TASK GOAL: Make an exact copy of every entry, leaving the pictures out.

INPUT RECORDS Block Start

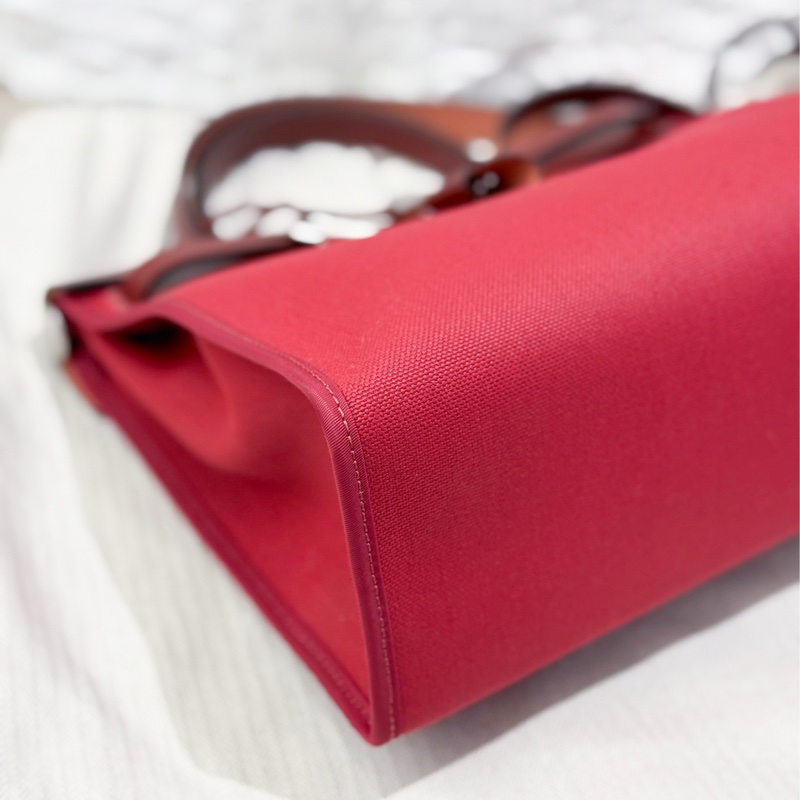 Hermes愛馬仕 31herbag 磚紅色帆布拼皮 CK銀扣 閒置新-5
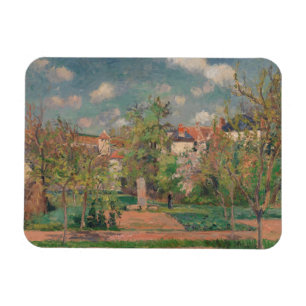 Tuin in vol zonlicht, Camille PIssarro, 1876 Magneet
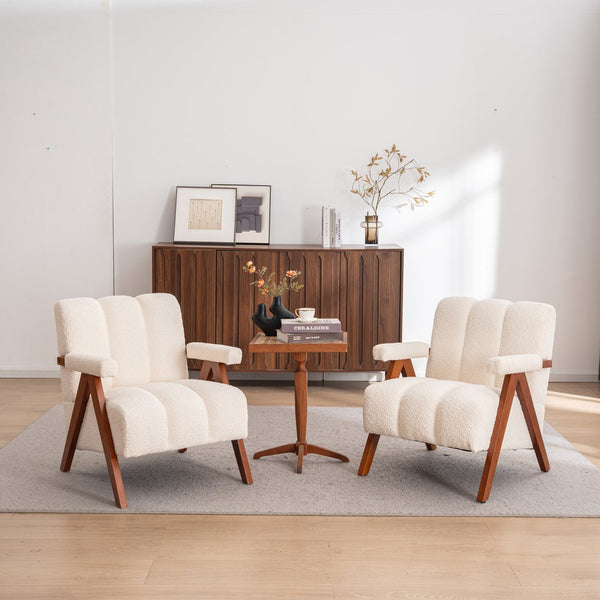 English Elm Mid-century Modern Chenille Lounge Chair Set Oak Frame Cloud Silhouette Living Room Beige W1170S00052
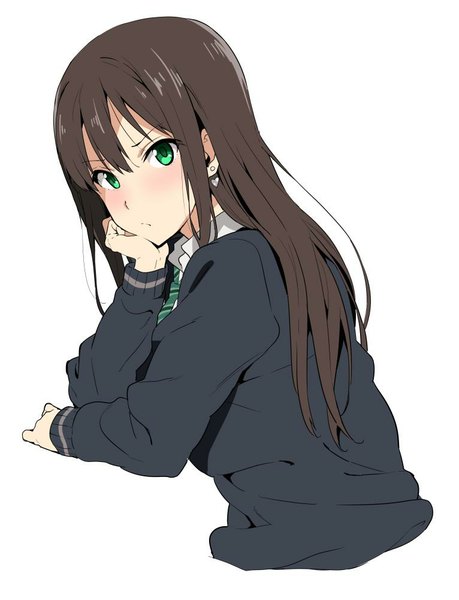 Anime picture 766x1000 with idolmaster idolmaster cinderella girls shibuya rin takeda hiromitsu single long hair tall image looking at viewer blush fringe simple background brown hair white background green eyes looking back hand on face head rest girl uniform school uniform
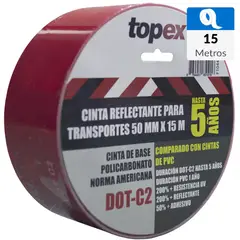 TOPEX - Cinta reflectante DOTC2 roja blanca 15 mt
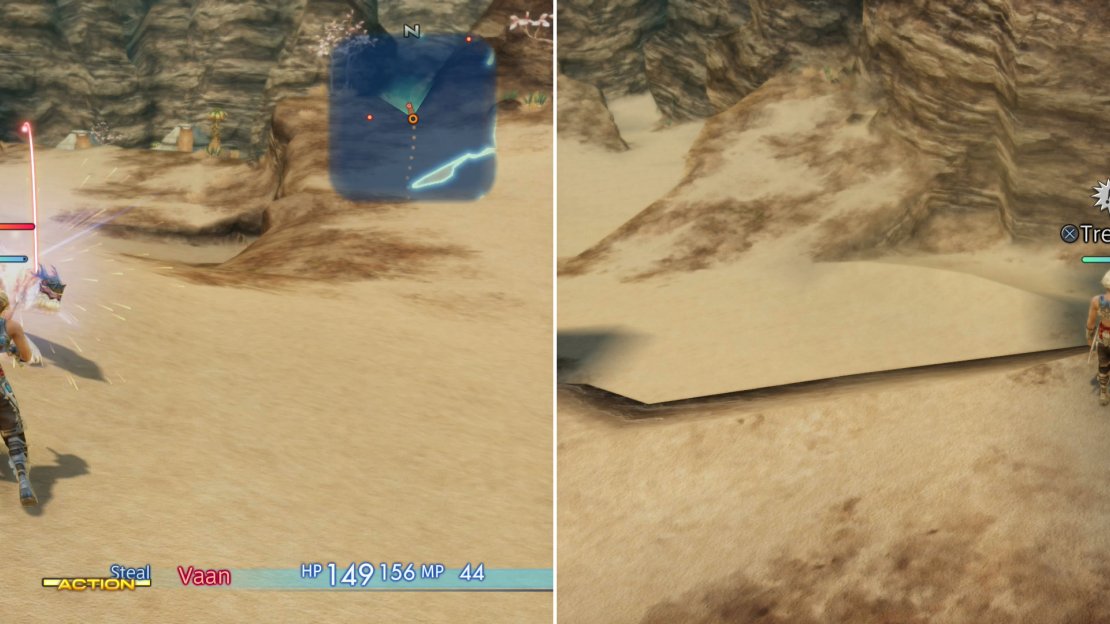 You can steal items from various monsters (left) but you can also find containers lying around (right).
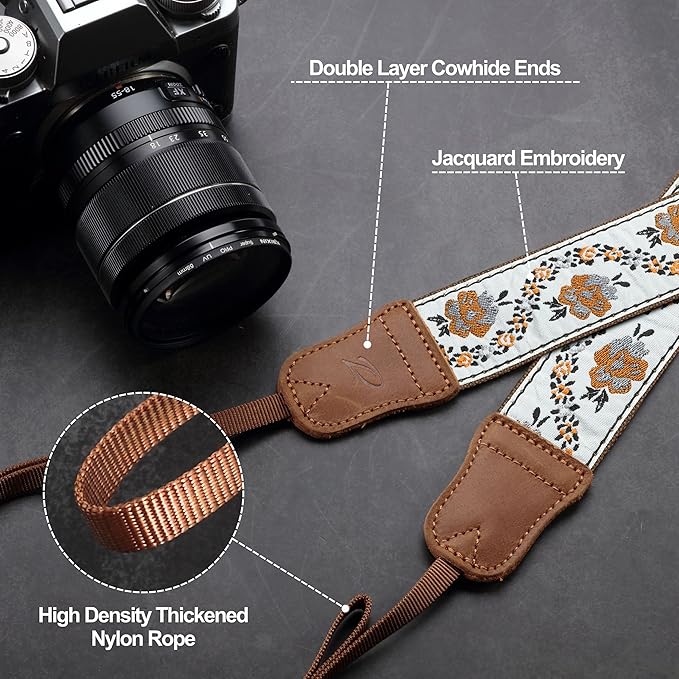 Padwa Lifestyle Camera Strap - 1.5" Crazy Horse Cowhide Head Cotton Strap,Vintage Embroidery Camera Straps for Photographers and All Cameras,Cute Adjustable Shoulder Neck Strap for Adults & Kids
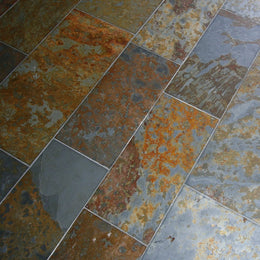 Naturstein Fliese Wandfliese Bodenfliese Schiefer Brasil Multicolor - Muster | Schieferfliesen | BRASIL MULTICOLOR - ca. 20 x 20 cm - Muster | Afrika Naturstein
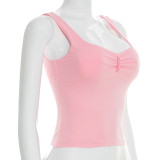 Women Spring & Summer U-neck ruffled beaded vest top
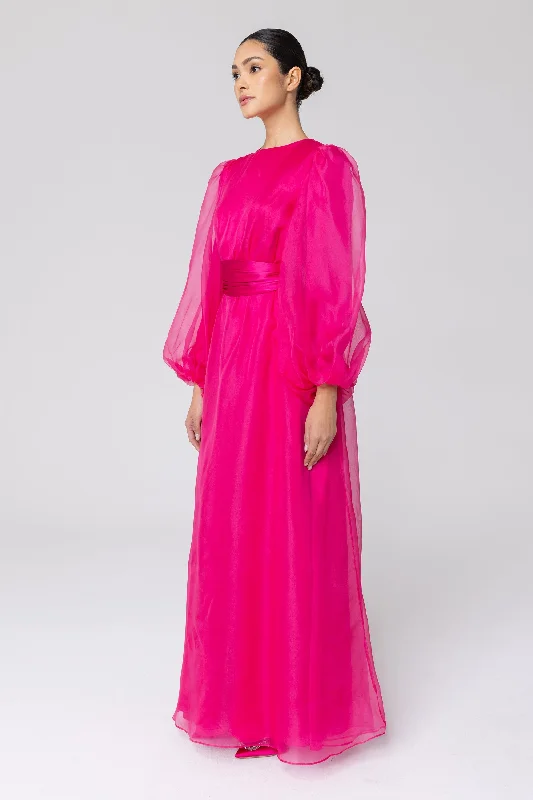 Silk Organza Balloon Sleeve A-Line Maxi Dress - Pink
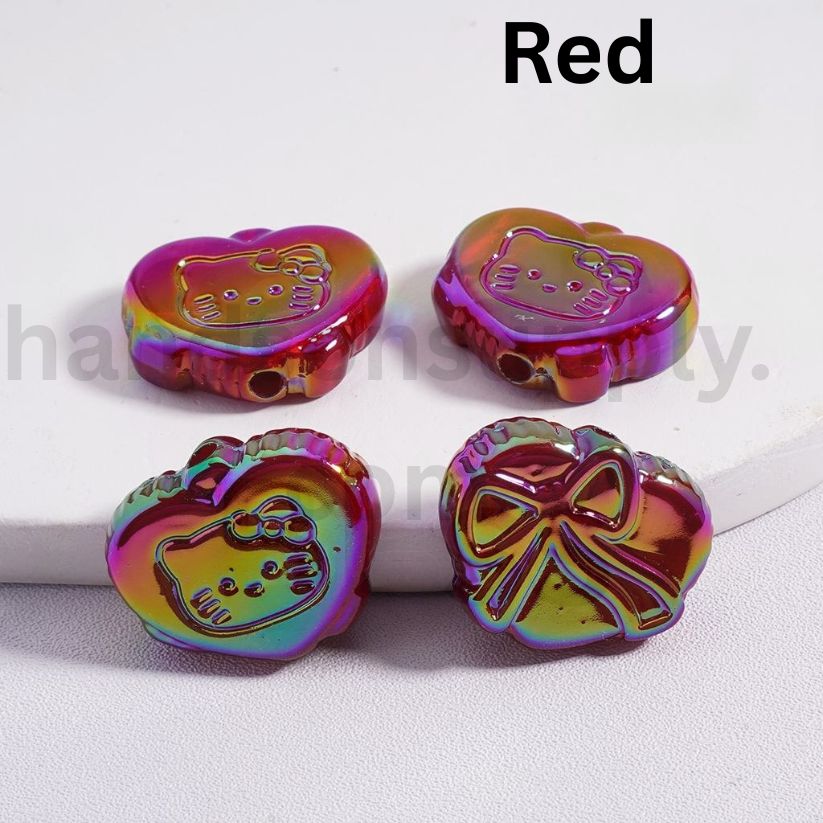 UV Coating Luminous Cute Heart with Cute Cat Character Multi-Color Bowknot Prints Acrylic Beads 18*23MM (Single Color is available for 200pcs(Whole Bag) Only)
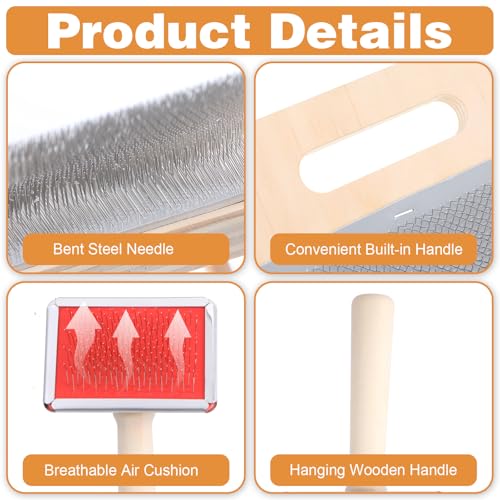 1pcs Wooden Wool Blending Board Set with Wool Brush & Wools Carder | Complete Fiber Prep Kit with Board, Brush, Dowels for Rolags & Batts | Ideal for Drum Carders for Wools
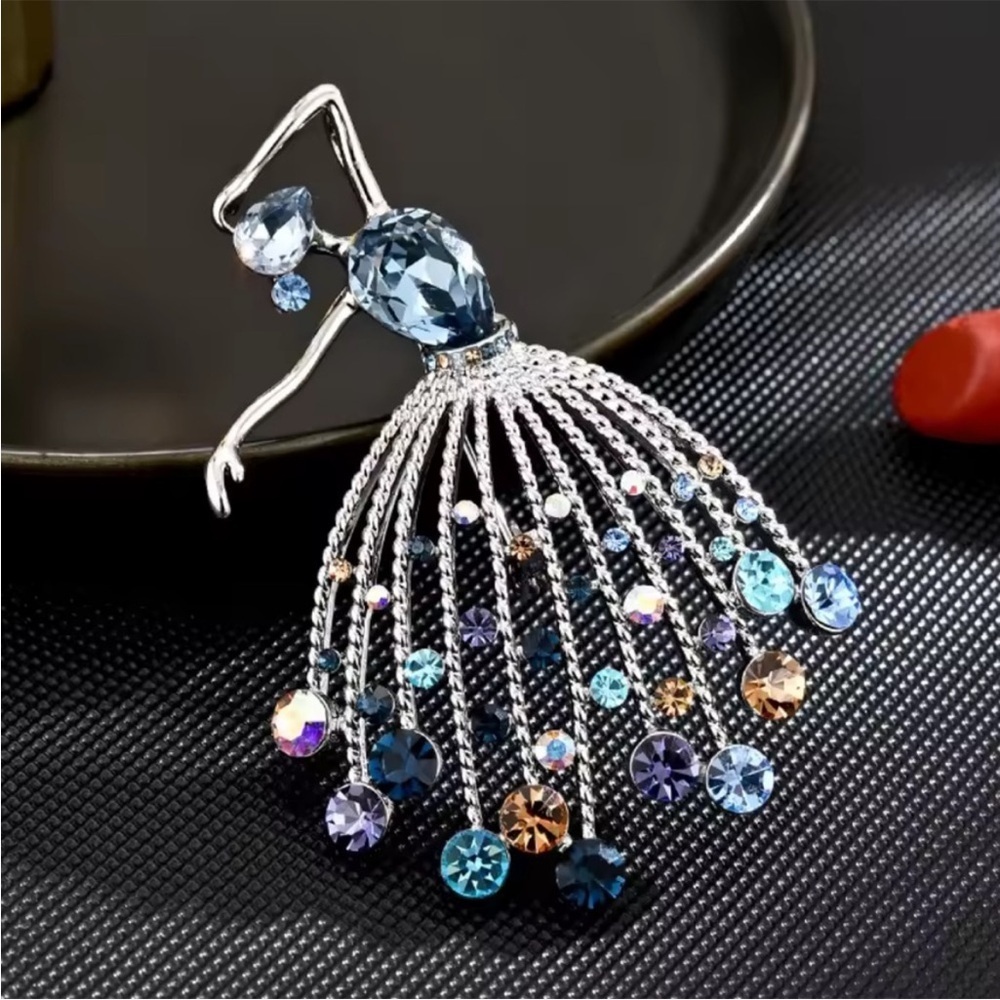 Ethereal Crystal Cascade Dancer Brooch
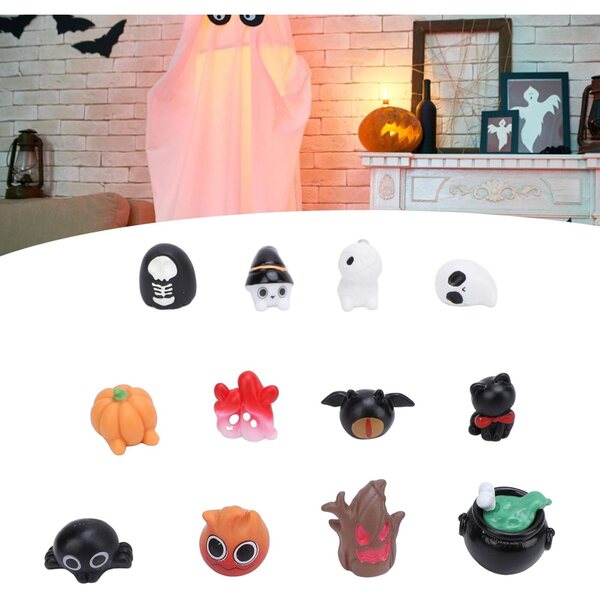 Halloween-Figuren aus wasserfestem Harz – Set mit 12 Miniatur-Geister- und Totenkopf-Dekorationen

INPUT RECORDS Block End

ANSWER TO THIS TASK:
 Hermes愛馬仕 31herbag 磚紅色帆布拼皮 CK銀扣 閒置新-5
 Tuin in vol zonlicht, Camille PIssarro, 1876 Magneet
 English Elm Mid-century Modern Chenille Lounge Chair Set Oak Frame Cloud Silhouette Living Room Beige W1170S00052
 Anime picture 766x1000 with idolmaster idolmaster cinderella girls shibuya rin takeda hiromitsu single long hair tall image looking at viewer blush fringe simple background brown hair white background green eyes looking back hand on face head rest girl uniform school uniform
 TOPEX - Cinta reflectante DOTC2 roja blanca 15 mt
 You can steal items from various monsters (left) but you can also find containers lying around (right).
 Padwa Lifestyle Camera Strap - 1.5" Crazy Horse Cowhide Head Cotton Strap,Vintage Embroidery Camera Straps for Photographers and All Cameras,Cute Adjustable Shoulder Neck Strap for Adults & Kids
 Naturstein Fliese Wandfliese Bodenfliese Schiefer Brasil Multicolor - Muster | Schieferfliesen | BRASIL MULTICOLOR - ca. 20 x 20 cm - Muster | Afrika Naturstein
 Women Spring & Summer U-neck ruffled beaded vest top
 Silk Organza Balloon Sleeve A-Line Maxi Dress - Pink
 UV Coating Luminous Cute Heart with Cute Cat Character Multi-Color Bowknot Prints Acrylic Beads 18*23MM (Single Color is available for 200pcs(Whole Bag) Only)
 1pcs Wooden Wool Blending Board Set with Wool Brush & Wools Carder | Complete Fiber Prep Kit with Board, Brush, Dowels for Rolags & Batts | Ideal for Drum Carders for Wools
 Ethereal Crystal Cascade Dancer Brooch
 Halloween-Figuren aus wasserfestem Harz – Set mit 12 Miniatur-Geister- und Totenkopf-Dekorationen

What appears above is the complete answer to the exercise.